Ao derrubar assim a autoridade e inerrância da igreja, Menocchio encontrou espaço para questionar dogmas centrais da fé católica, como por exemplo, o uso do latim pelo clero: “Na minha opinião, falar latim é uma traição aos pobres. Nas discussões os homens pobres não sabem o que se está dizendo e são enganados” (Ginzburg, 2006, p. 41). Ele questionou o direito exclusivo da igreja de celebrar os casamentos: “[...] antes, homens e mulheres faziam troca de promessas e isso era suficiente; depois apareceram essas invenções dos homens” (2006, p. 42). E também condenou a ordenação e a hierarquia eclesiástica, dizendo: “Acho que o Espírito Santo está em todo mundo, [...] e acho que qualquer um que tenha estudado pode ser sacerdote, sem ter que ser sagrado, porque tudo isso é mercadoria” (2006, p. 42).
A história de Menocchio é, segundo a reconstrução de Ginzburg, fascinante. Mas fazendo agora um paralelo conosco, conheço homens e mulheres que assim como Menocchio ousam questionar as religiões e seus dogmas. Desde a reforma, a autoridade absoluta da igreja foi substituída para muitos pela Bíblia, que tornou-se o grande alicerce da fé, e é supostamente com base nela que as igrejas criam seus dogmas. Mas as pessoas que mencionei, por refletires sobre o que fazem, por observarem atentamente o funcionamento das coisas, por querer sempre melhorar o lugar em que estão, e por estudarem e notarem a incompatibilidade que há nos dogmas cristãos em relação aos textos, tomam a liberdade de não fundamentar-se mais sobre a palavra dos clérigos, sejam eles de que seita forem. Eles ainda questionam as coisas que Menocchio questionou, mas também criticam os limites do cânon, que amordaçaram Deus; eles também duvidam da inerrância dos sermões e dos textos, criticam os discursos evangélicos e a busca nada bíblica por prosperidade, assim como o preconceito religioso para com os diferentes.

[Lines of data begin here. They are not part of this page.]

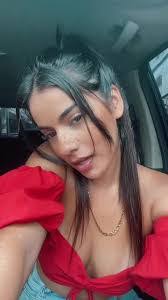 Jenny Quiroz's Instagram, Twitter & Facebook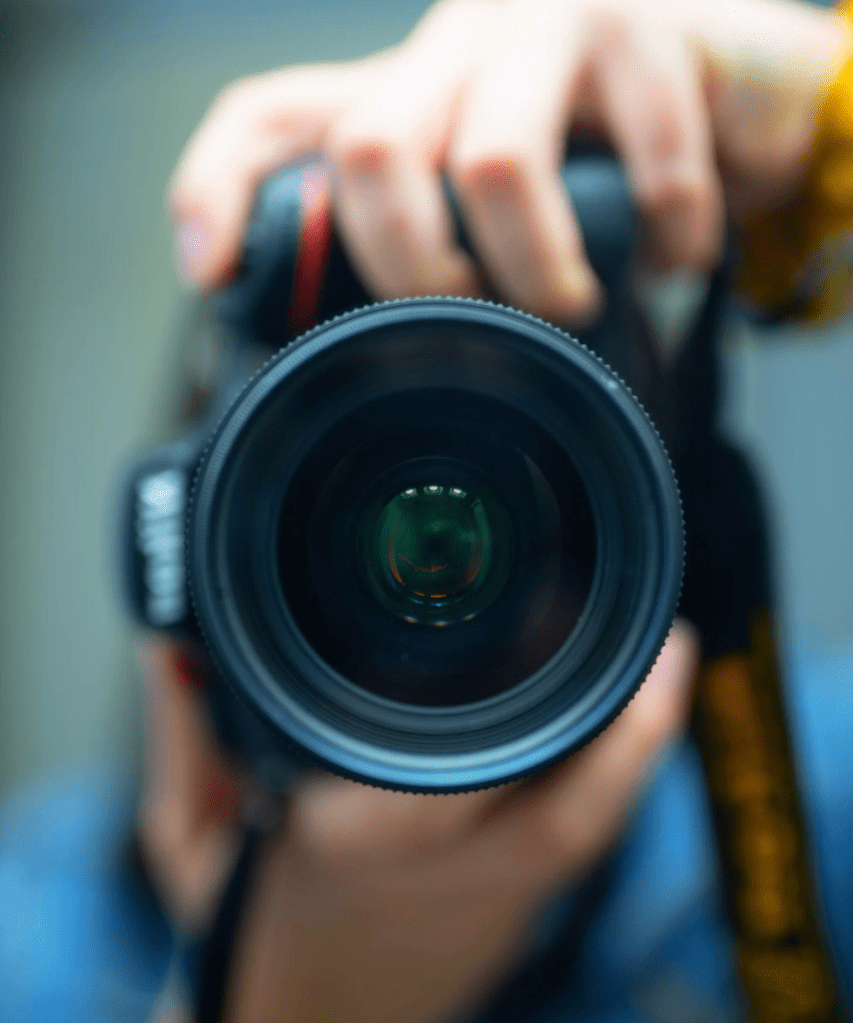 SCOPRI LA BELLEZZA DELLA FOTOGRAFIA: IL NUOVO CORSO GRATUITO DI ‘G.B.RELATIONS’ E ‘ROSSOPEPERONCINO’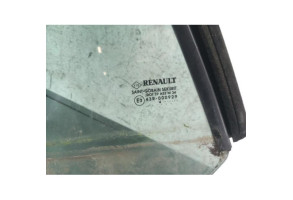 Vitre arriere droit RENAULT MEGANE 2 Photo n°1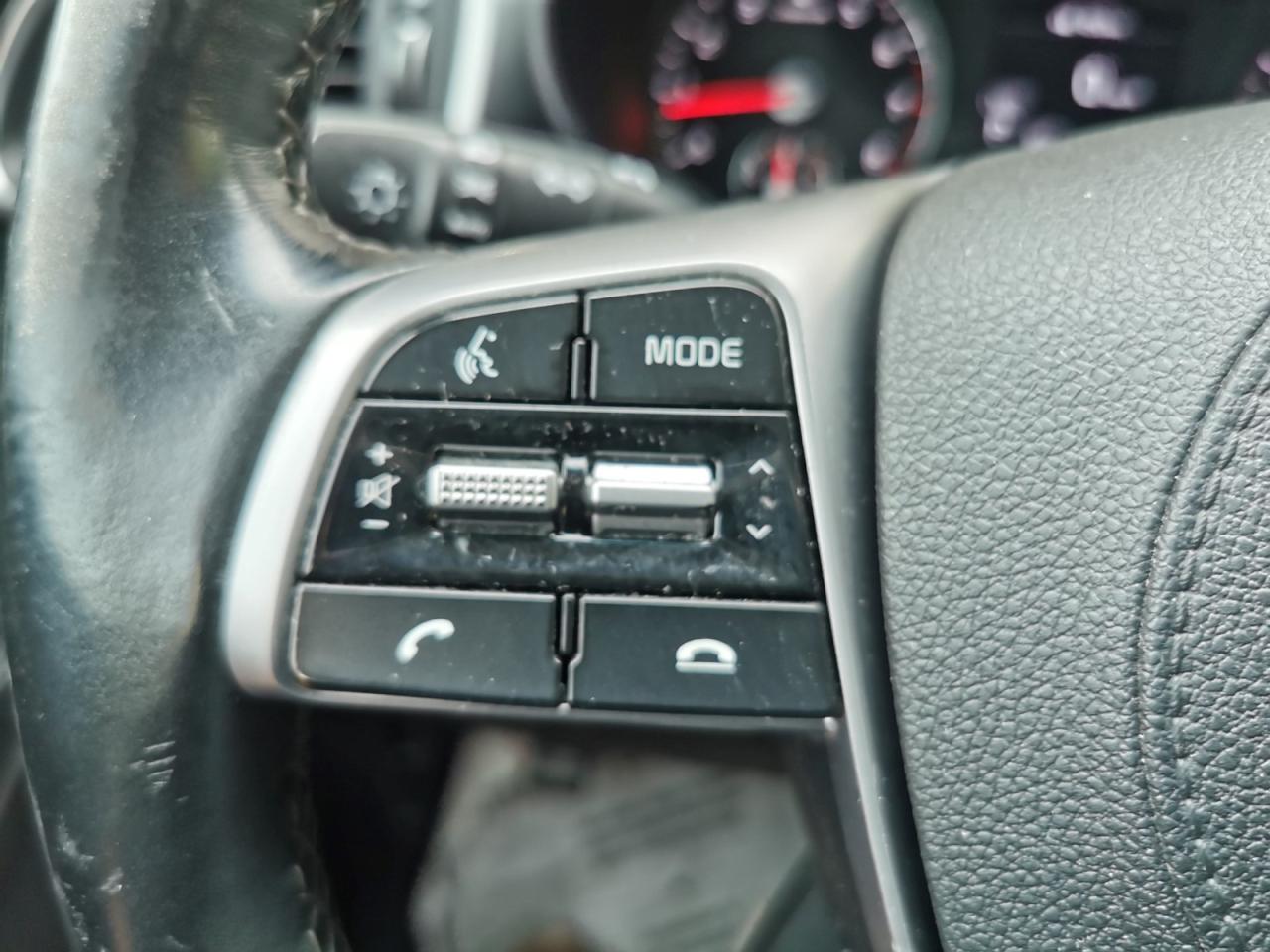 2019 Kia Sorento LX AWD - Photo #12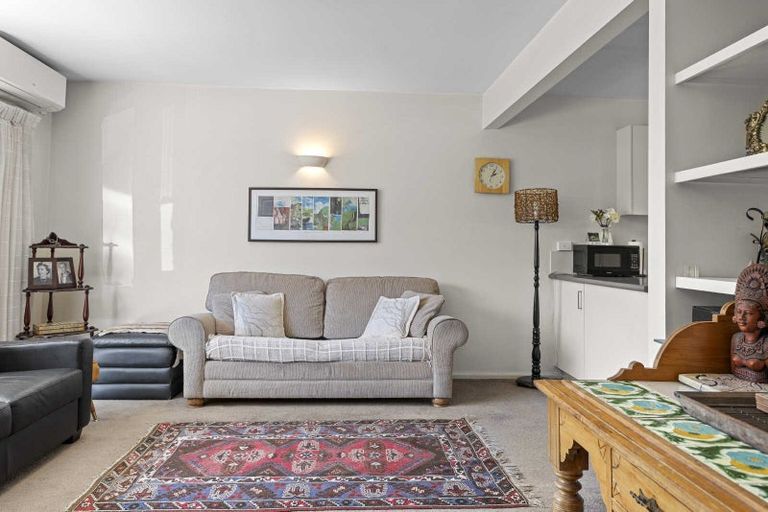 Photo of property in 25a Gleneagles Terrace, Ilam, Christchurch, 8053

No entanto, esses novos “hereges”, ou “homens livres”, não deixam suas igrejas por conta disso. Como Menocchio, eles não acham que indo para outro lugar encontrarão a “verdade”. Por que criariam novas seitas que não fariam mais do que dar novos palpites humanos sobre Deus? Eles continuam nas antigas igrejas levando consigo suas idéias nada convencionais, encontrando opositores, arrumando conflitos de vez em quando, e libertando alguns das grades da religião quando podem. Enfim, eles ainda querem que sua religião seja a correta, mas não estão certos disso, motivo pelo qual é melhor não criar religiões nem arruinar as alheias.
Quis falar de Menocchio porque ele é uma inspiração para os “novos hereges”, cujo credo Menocchio definiu há séculos quando, diante da inquisição, disse:
Gostaria que se acreditasse na majestade de Deus, que fôssemos homens de bem e que se fizesse como Jesus Cristo recomendou, respondendo àqueles judeus que lhe perguntaram que lei se deveria seguir. Ele respondeu: ‘amar a Deus e ao próximo’ [...] Bastariam só quatro palavras para a Sagrada Escritura [...] (2006, p. 41, 44)
Referências Bibliográficas
GINZBURG, Carlo. O Queijo e os Vermes: o cotidiano e as idéias de um moleiro perseguido pela inquisição. São Paulo: Companhia das Letras, 2006.